(Extracted records)
++++++++++++++++++++
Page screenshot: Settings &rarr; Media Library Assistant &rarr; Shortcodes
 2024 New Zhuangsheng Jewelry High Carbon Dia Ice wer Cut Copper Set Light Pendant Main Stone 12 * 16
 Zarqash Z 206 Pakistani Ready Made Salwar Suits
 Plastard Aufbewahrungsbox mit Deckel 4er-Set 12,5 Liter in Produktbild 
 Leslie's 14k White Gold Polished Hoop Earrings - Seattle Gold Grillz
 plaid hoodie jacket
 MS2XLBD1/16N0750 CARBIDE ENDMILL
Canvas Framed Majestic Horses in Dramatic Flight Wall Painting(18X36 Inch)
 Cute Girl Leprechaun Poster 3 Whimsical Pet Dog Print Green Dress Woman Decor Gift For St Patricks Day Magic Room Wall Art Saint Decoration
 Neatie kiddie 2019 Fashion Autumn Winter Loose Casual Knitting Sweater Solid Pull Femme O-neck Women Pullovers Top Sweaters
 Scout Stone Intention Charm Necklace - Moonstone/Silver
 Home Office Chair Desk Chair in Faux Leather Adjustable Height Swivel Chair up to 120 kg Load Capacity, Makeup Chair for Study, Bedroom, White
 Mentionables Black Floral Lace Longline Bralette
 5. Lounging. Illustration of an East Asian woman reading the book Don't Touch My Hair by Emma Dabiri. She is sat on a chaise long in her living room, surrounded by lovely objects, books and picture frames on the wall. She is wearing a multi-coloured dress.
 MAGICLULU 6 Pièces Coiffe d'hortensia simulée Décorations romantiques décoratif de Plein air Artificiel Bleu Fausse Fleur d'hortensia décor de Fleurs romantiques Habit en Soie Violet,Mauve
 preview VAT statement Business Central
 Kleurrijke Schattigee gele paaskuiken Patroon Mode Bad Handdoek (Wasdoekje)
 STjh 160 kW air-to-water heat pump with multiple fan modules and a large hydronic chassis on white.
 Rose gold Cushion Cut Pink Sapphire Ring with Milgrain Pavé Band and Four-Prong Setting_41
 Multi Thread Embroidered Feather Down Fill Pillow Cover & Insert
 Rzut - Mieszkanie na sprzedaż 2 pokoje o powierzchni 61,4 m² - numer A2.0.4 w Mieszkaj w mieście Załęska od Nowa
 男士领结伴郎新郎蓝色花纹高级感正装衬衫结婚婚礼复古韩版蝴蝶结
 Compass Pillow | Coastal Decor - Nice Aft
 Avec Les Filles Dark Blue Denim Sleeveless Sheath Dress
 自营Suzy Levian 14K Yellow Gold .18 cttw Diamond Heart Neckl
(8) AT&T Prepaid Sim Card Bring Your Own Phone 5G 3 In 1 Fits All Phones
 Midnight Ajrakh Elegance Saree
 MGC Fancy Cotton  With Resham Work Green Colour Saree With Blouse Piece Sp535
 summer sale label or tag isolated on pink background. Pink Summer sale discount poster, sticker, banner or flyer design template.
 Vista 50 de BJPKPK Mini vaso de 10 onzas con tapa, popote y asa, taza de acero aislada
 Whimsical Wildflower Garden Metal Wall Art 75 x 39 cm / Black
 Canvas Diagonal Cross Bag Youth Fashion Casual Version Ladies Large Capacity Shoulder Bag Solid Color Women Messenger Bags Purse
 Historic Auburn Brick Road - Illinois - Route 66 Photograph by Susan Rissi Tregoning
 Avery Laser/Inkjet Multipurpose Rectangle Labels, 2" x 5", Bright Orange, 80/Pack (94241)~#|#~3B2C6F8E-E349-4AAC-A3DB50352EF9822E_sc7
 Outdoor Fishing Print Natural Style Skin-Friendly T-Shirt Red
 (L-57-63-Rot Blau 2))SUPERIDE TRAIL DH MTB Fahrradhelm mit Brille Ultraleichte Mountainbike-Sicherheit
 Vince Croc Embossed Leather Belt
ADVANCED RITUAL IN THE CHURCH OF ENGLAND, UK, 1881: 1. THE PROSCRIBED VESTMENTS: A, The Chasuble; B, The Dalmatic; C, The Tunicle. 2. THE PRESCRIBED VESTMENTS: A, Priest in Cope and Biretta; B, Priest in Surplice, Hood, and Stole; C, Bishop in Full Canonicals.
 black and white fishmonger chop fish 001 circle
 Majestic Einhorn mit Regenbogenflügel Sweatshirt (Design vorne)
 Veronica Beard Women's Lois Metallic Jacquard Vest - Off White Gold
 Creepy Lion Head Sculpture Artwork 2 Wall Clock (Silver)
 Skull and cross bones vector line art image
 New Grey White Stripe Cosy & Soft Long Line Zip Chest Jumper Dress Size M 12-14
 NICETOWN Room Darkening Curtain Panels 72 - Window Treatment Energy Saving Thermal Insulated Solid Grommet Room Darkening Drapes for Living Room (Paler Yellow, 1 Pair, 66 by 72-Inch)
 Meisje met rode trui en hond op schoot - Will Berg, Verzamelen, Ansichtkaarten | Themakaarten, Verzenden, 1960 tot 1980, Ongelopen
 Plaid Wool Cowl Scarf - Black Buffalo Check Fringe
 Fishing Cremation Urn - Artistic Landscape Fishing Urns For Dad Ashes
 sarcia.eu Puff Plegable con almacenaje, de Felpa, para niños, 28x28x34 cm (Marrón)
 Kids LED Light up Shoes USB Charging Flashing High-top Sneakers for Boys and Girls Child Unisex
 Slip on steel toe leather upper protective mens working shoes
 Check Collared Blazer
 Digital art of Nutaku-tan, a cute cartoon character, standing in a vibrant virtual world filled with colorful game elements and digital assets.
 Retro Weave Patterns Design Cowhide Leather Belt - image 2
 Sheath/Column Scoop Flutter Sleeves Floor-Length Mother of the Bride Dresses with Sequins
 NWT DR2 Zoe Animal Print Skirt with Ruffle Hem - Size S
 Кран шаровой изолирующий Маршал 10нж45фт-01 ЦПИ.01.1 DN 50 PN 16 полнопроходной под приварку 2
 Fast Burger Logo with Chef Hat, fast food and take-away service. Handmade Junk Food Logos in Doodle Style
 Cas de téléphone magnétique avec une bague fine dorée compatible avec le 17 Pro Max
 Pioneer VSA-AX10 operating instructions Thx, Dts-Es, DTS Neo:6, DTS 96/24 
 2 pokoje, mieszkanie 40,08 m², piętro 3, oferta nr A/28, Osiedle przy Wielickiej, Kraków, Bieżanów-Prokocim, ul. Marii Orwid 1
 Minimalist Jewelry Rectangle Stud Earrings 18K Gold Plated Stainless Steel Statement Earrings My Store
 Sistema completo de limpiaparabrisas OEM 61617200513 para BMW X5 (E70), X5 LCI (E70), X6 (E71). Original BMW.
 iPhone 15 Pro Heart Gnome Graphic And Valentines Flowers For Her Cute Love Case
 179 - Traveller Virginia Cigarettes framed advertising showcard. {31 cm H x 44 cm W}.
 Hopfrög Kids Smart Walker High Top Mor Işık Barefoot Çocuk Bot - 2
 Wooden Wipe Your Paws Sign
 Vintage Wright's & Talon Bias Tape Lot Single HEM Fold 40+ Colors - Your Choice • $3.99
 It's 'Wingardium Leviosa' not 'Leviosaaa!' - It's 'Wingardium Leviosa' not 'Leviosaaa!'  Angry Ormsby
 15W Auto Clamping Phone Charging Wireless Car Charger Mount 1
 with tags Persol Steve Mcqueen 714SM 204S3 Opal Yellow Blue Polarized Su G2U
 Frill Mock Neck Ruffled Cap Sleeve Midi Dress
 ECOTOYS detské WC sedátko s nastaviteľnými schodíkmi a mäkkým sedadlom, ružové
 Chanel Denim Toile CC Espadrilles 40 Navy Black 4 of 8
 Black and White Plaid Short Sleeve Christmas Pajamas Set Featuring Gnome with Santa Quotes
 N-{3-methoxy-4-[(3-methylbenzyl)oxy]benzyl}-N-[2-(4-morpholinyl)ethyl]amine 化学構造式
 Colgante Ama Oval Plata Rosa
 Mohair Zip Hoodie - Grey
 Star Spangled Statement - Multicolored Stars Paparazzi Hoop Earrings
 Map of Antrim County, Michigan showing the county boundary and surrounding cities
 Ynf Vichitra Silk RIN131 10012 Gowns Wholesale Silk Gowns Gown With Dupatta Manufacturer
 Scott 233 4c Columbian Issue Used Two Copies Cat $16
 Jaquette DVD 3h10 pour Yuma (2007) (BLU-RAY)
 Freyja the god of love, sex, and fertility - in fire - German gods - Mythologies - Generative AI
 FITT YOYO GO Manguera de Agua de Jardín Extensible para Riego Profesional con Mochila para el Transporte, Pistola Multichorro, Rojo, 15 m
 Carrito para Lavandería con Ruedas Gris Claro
++++++++++++++++++++
_Exercise_
Look through the entries above and quote exactly the lines from the line with "Kleurrijke Schattigee gele" to the line with "Outdoor Fishing Print", counting both of those lines.

_Task output_
 Kleurrijke Schattigee gele paaskuiken Patroon Mode Bad Handdoek (Wasdoekje)
 STjh 160 kW air-to-water heat pump with multiple fan modules and a large hydronic chassis on white.
 Rose gold Cushion Cut Pink Sapphire Ring with Milgrain Pavé Band and Four-Prong Setting_41
 Multi Thread Embroidered Feather Down Fill Pillow Cover & Insert
 Rzut - Mieszkanie na sprzedaż 2 pokoje o powierzchni 61,4 m² - numer A2.0.4 w Mieszkaj w mieście Załęska od Nowa
 男士领结伴郎新郎蓝色花纹高级感正装衬衫结婚婚礼复古韩版蝴蝶结
 Compass Pillow | Coastal Decor - Nice Aft
 Avec Les Filles Dark Blue Denim Sleeveless Sheath Dress
 自营Suzy Levian 14K Yellow Gold .18 cttw Diamond Heart Neckl
(8) AT&T Prepaid Sim Card Bring Your Own Phone 5G 3 In 1 Fits All Phones
 Midnight Ajrakh Elegance Saree
 MGC Fancy Cotton  With Resham Work Green Colour Saree With Blouse Piece Sp535
 summer sale label or tag isolated on pink background. Pink Summer sale discount poster, sticker, banner or flyer design template.
 Vista 50 de BJPKPK Mini vaso de 10 onzas con tapa, popote y asa, taza de acero aislada
 Whimsical Wildflower Garden Metal Wall Art 75 x 39 cm / Black
 Canvas Diagonal Cross Bag Youth Fashion Casual Version Ladies Large Capacity Shoulder Bag Solid Color Women Messenger Bags Purse
 Historic Auburn Brick Road - Illinois - Route 66 Photograph by Susan Rissi Tregoning
 Avery Laser/Inkjet Multipurpose Rectangle Labels, 2" x 5", Bright Orange, 80/Pack (94241)~#|#~3B2C6F8E-E349-4AAC-A3DB50352EF9822E_sc7
 Outdoor Fishing Print Natural Style Skin-Friendly T-Shirt Red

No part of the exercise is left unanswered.